Selon John Wiester, véhément défenseur du mouvement :
«le darwinisme, c’est de la philosophie naturaliste qui se fait passer pour de la science».
D’où la position de Nancy R. Pearcey (autre promotrice du mouvement, et auteur de : «The soul of science : chistian faith and natural philosophy»), qui en dit long sur la compréhension qu’ont les américains des rapports entre la religion et l’école :
«Considérez ces citations : «Tu es un animal, tel le ver de terre» proclament certains manuels de biologie, «l’évolution s’effectue au hasard, sans plan ni but» déclarent d’autres. Or les écoles publiques américaines sont censées être neutres en ce qui concerne la religion, alors que ces citations s’opposent clairement à toutes les religions. De plus, ces affirmations vont bien au-delà de toute constatation empirique, et sont plus philosophiques que scientifiques».
En présentant la théorie darwinienne de l’évolution non pas comme une théorie scientifique mais comme une philosophie naturaliste ou une idéologie, ils améliorent leur stratégie :
1- Une théorie scientifique peut certes être enseignée dans les cours de sciences des écoles, mais pas une philosophie ; par conséquent on légitime soit l’éradication de la théorie darwinienne de l’évolution des cours de sciences, soit l’exigence de mise en balance d’une philosophie naturaliste et d’une philosophie spiritualiste, ou de x autres philosophies.
2- Ils accréditent l’idée qu’une autre «proposition métaphysique» que la «philosophie naturelle» telle que la leur peut tout aussi bien être discutée rationnellement et faire l’objet d’un programme de recherche.

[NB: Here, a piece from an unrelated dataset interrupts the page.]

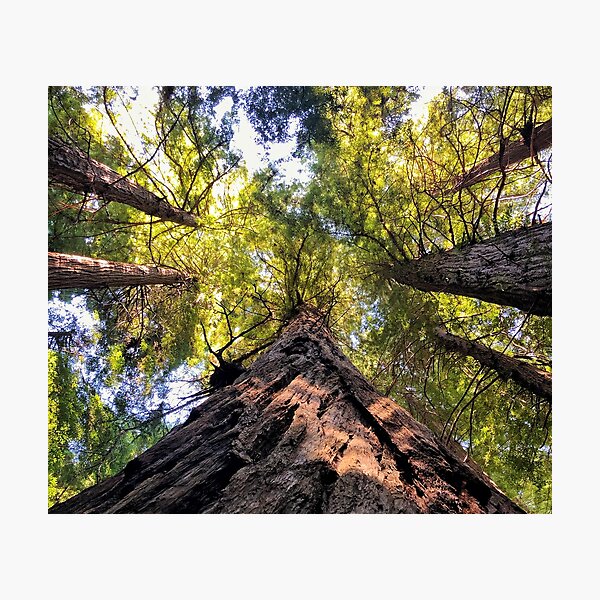 Item preview, Redwood National Forest, California designed and sold by tammyschroder.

Johnson veut ignorer le véritable statut du matérialisme en sciences et confond clairement philosophie, proposition métaphysique, idéologie, paradigme et théorie. Il identifie les rôles du paradigme et de la théorie en sciences à celui de l’idéologie ou d’une philosophie qui plieraient la science à leurs besoins. Il y a, en fait, de grandes différences de niveaux et de rôles. La philosophie et l’idéologie siègent d’abord hors des sciences, car elles ont des objectifs et des moyens propres. L’idéologie soumet la science à son objectif primordial de justifier un pouvoir, quel qu’en soit le coût. Paradigme et théorie sont au contraire des éléments de la science en construction, en quelque sorte des parties de son échafaudage, même si les raisons pour lesquelles nous travaillons à l’intérieur d’un paradigme ne sont pas toujours rationnellement justifiées. On sait généralement pourquoi on travaille sur une théorie. On sait moins pourquoi on travaille dans un paradigme. Car le paradigme est l’ensemble des solutions concrètes appartenant à une matrice disciplinaire. Cette matrice est l’ensemble des valeurs, des techniques et des propositions considérées comme valides par une communauté scientifique appartenant à une même discipline à un moment donné. Le paradigme est l’ensemble des solutions d’énigmes auxquelles se réfèrent les membres d’une même discipline (voir «La structure des révolutions scientifiques», de Thomas Kuhn (1970), seconde édition traduite par Laure Meyer chez Flammarion en 1983 ; «La philosophie des sciences au XXème siècle» d’Anouk Barberousse, Max Kistler et Pascal Ludwig, Flammarion, 2000 ; «La science en dix questions», Hors Série du journal Sciences et Avenir n° 133 coordonné par Laurent Mayet , 2002). J. Wells est stratégiquement plus habile que P. Johnson, car il tente de lire des données à la lumière de deux théories prétendument en compétition (tantôt appelées théories, tantôt appelées paradigmes) et de voir lequel des deux est le plus cohérent (même si, techniquement, Wells est maladroit).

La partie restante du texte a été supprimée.